I agree that longevity research is worth closer attention by EA, but this argument needs work. And we need the right argument to merit EA attention.

What is life extension research?

Let's define three types of related research: life extension research (LER), ordinary biomedical research (OBR), and public health research (PHR).

In OBR, scientists induce specific diseases or injuries in model research organisms to study a causal pathway or treatment. In LER, they do not induce any specific disease.

In both PHR and LER, scientists study the relationship between environmental factors, behavior, biology, and health metrics. PHR examines environmental or behavioral changes to promote health metrics. LER examines biological changes to promote health metrics.

If life extension research isn't uniquely trying to extend life, what's the argument for focusing on this specific area?

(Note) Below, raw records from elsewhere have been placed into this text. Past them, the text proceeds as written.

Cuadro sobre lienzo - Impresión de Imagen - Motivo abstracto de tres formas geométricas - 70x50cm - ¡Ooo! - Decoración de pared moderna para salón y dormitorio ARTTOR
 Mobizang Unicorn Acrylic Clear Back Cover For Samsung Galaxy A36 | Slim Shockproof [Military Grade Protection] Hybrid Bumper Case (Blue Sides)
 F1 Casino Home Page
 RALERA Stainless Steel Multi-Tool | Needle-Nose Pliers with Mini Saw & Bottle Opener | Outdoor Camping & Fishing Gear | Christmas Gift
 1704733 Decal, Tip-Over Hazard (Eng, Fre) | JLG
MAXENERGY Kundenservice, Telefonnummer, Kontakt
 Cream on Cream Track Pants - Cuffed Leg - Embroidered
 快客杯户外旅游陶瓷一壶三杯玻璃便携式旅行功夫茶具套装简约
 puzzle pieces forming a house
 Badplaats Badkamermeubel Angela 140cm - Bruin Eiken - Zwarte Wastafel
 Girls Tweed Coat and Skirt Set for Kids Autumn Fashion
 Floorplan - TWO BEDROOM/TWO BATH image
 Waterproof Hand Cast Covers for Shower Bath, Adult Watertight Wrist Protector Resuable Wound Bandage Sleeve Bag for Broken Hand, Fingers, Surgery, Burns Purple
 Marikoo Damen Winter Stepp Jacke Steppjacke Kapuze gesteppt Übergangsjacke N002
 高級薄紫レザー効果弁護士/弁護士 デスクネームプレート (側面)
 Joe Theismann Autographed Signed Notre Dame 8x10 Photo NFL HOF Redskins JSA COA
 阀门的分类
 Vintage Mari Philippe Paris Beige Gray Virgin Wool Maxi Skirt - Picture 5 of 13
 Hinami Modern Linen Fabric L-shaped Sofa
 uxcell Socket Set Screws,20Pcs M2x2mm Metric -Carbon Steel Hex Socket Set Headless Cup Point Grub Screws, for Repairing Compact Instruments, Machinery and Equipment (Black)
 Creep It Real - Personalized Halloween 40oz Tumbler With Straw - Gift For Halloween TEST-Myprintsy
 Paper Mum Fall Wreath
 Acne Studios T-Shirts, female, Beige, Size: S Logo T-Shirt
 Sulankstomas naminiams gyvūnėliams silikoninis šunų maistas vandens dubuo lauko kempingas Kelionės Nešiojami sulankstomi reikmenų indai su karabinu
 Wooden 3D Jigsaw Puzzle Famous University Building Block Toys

It's plausible that by achieving a health-promoting environment and behaviors via PHR, and hammering down specific diseases via OBR, we could prolong health and life indefinitely.

So far, this hasn't happened, but it's possible that precision medicine is the answer to all our problems. By breaking diseases down into more subtypes, and equipping ourselves with tools to personalize each patient's course of treatment, we can much more reliably treat diseases as they occur. Perhaps we can also systematically tackle the individual symptoms of old age, from thymic involution to arthritis to wrinkles. By becoming excellent at treating each one individually, we can achieve big gains in healthspan and lifespan.

LER takes a complementary approach. It's widely accepted that normal, healthy living still subjects organisms to forms of damage, and that this damage accumulates over the lifespan.

What's more controversial is whether we can find enough tractable interventions to slow or reverse this damage. Biochemical pathways, genetic architectures, and tissue structures are ludicrously complicated. Intervening in many of the pathways considered root causes of aging, such as accumulated genetic damage, has so far provent to be incredibly hard even in research organisms in basic and preclinical studies, for both scientific and regulatory reasons.

To make LER an EA cause area, we need an argument that there's a lot of concrete underexplored and potentially tractable interventions we could be studying, or that the cause is even more important than the death count makes it seem.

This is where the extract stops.